Letters from Iwo Jima. Ken Watanabe, Kazunari Ninomiya, Tsuyoshi Ihara, and Ryo Kase star in a film written by Iris Yamashita, based on the book by Tadamichi Kuribayashi and Tsuyoko Yoshido, and directed by Clint Eastwood.
Reviewed by Josef Woodard
Letters from Iwo Jima may be the season’s prime example of an old adage: Some of the greatest art sneaks in through the side door. Clint Eastwood was going about his business as a bonafide Great American Director, making Flags of Our Fathers, a probing saga of the American GI side of the pivotal Iwo Jima battle. A late-breaking notion led him to make a companion film from the perspective of hapless Japanese soldiers consigned to suicide missions in the face of superior American military might.
Eastwood’s double-header project is a brave, unprecedented, and ultimately beautiful gesture, especially given the unexpectedly potent results. Flags was a fascinating twist on the war film genre; Letters is an even stronger, disarmingly powerful masterpiece. The most prominent theme is that war is not only definitively hellish, but that bellicosity is a multi-sided thing. Letters to and from home convey the same love and wishes, no matter what side a soldier is on.

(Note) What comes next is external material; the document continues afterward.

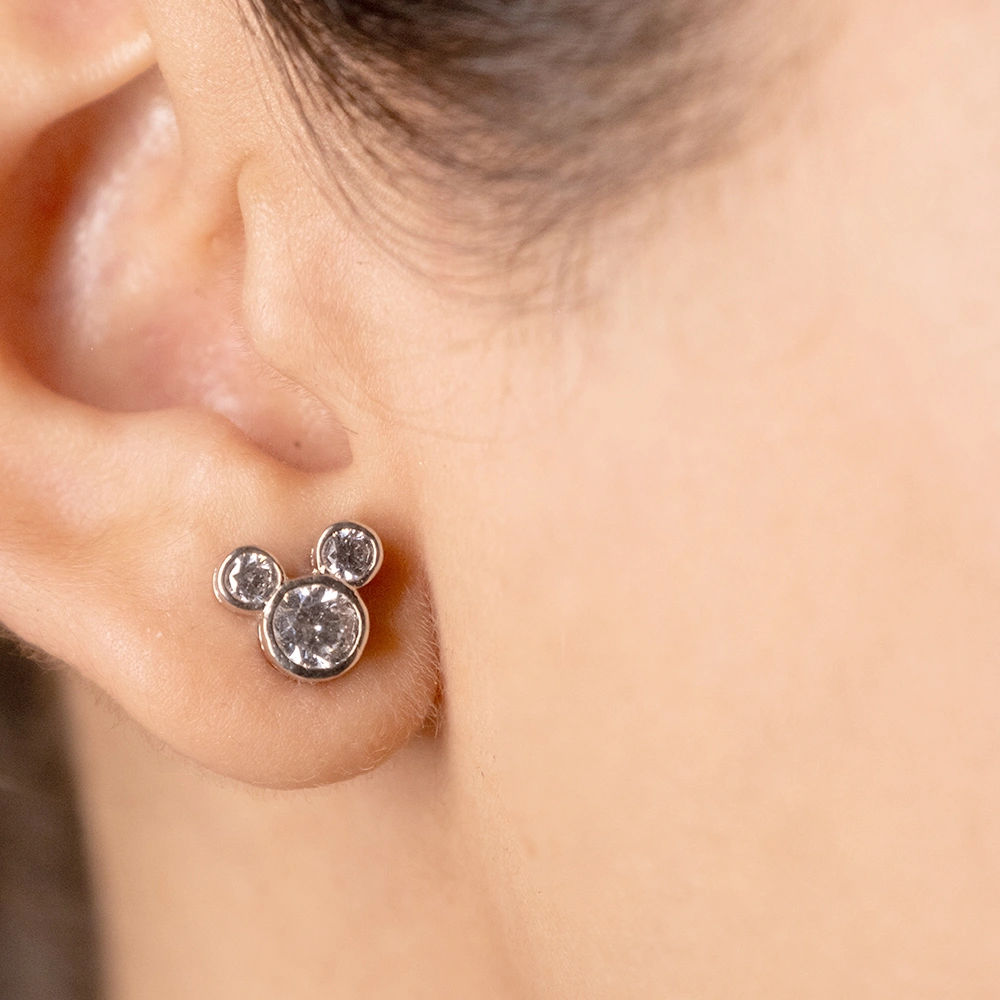 Reegalia Sparkle Bloom 925 Silver Stud Earrings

Some of the film’s power lies in its fierce, unflinching focus and its location on the bleak hunk of rock where blood is spilled and the Japanese forces wither. It’s almost darkly minimalist in feel — often hunkered down in claustrophobic tunnels or in embattled open spaces — with occasional flashbacks to flesh out emotional back story.
Tellingly, the film stock looks washed out, halfway between black and white and color, with red bursts of blood, fire, and the rising sun on the Japanese flag. We’re drawn into the empathetic side of the story through a commander (Ken Watanabe), a wise former Olympic horse jumper (Tsuyoshi Ihara), and a young baker-turned-soldier (Kazunari Ninomiya) who questions his role and resists the Japanese code of death with honor, even if that means a hand grenade to the belly.
Noble and artistically sturdy qualities grace Eastwood’s remarkable film, comparable to the legacy of Great War films such as All Quiet on the Western Front and Sam Fuller’s A-grade B-movies from the front. By the end, its messages, relevant today more than ever, ring true: War is patently evil and absurd, and humanity is far more connected than it realizes.